Recorded data:
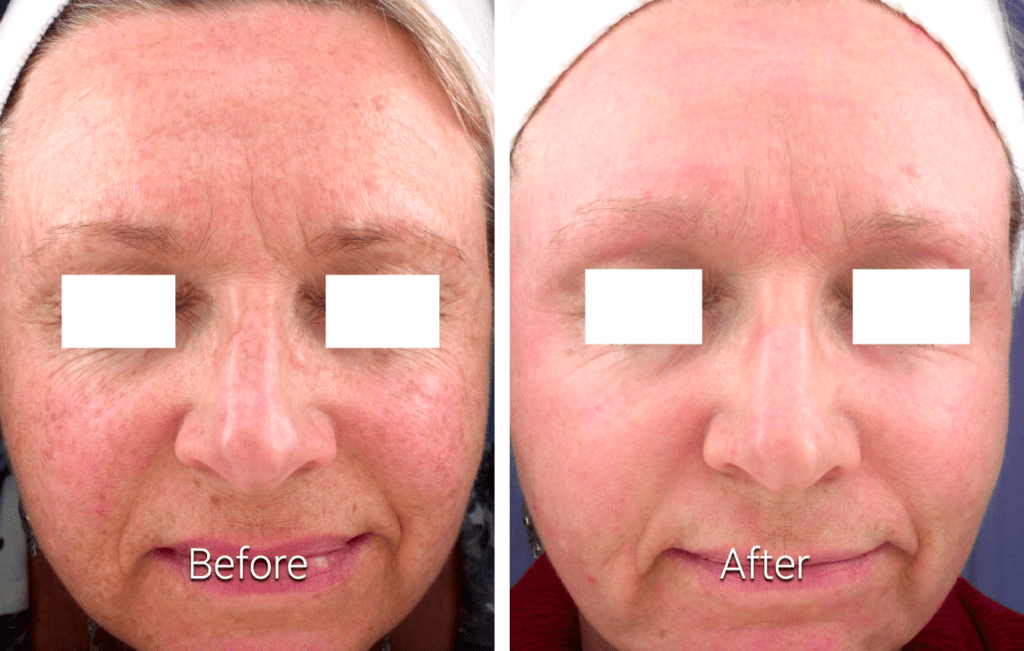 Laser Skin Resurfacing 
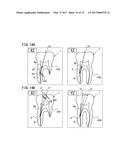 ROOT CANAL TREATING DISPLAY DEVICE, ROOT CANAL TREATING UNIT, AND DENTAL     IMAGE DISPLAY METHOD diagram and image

--

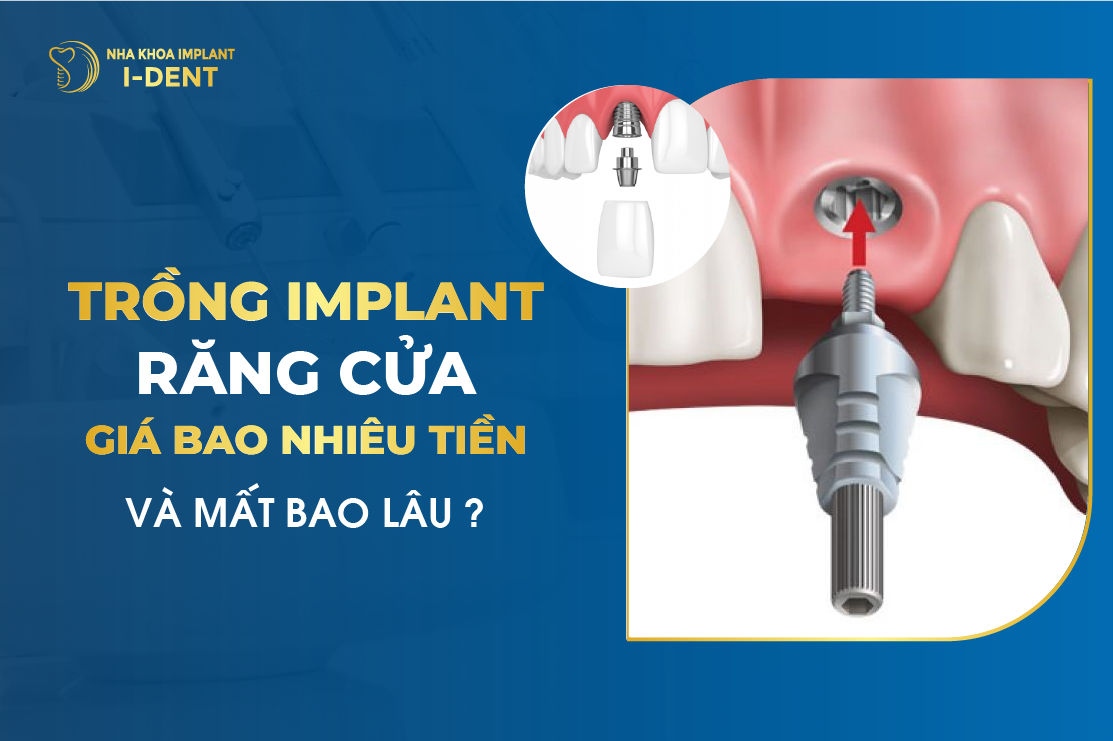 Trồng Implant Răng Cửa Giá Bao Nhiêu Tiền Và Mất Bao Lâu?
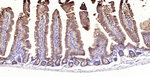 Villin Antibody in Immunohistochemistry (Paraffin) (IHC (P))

...

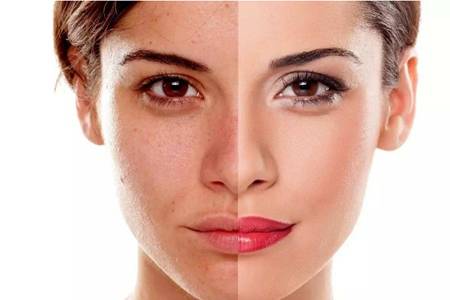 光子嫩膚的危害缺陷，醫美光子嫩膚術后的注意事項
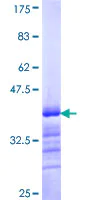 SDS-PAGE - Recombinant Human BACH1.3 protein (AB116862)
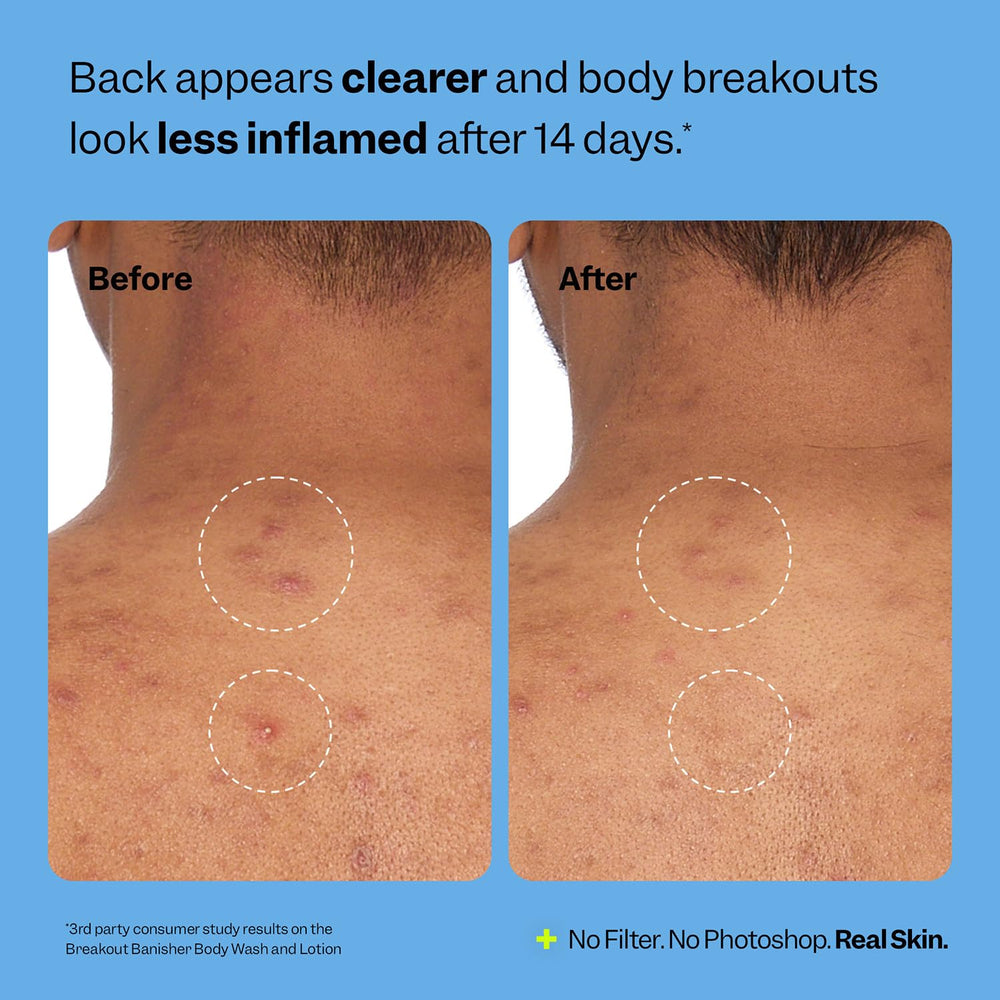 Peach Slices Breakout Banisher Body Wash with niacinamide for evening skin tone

Prompt:
Return exactly the lines above, from the one with "Laser Skin Resurfacing" up to and including the one with "ROOT CANAL TREATING DISPLAY", and include no pictures.

Solution to the problem:
 Laser Skin Resurfacing 
 ROOT CANAL TREATING DISPLAY DEVICE, ROOT CANAL TREATING UNIT, AND DENTAL     IMAGE DISPLAY METHOD diagram and image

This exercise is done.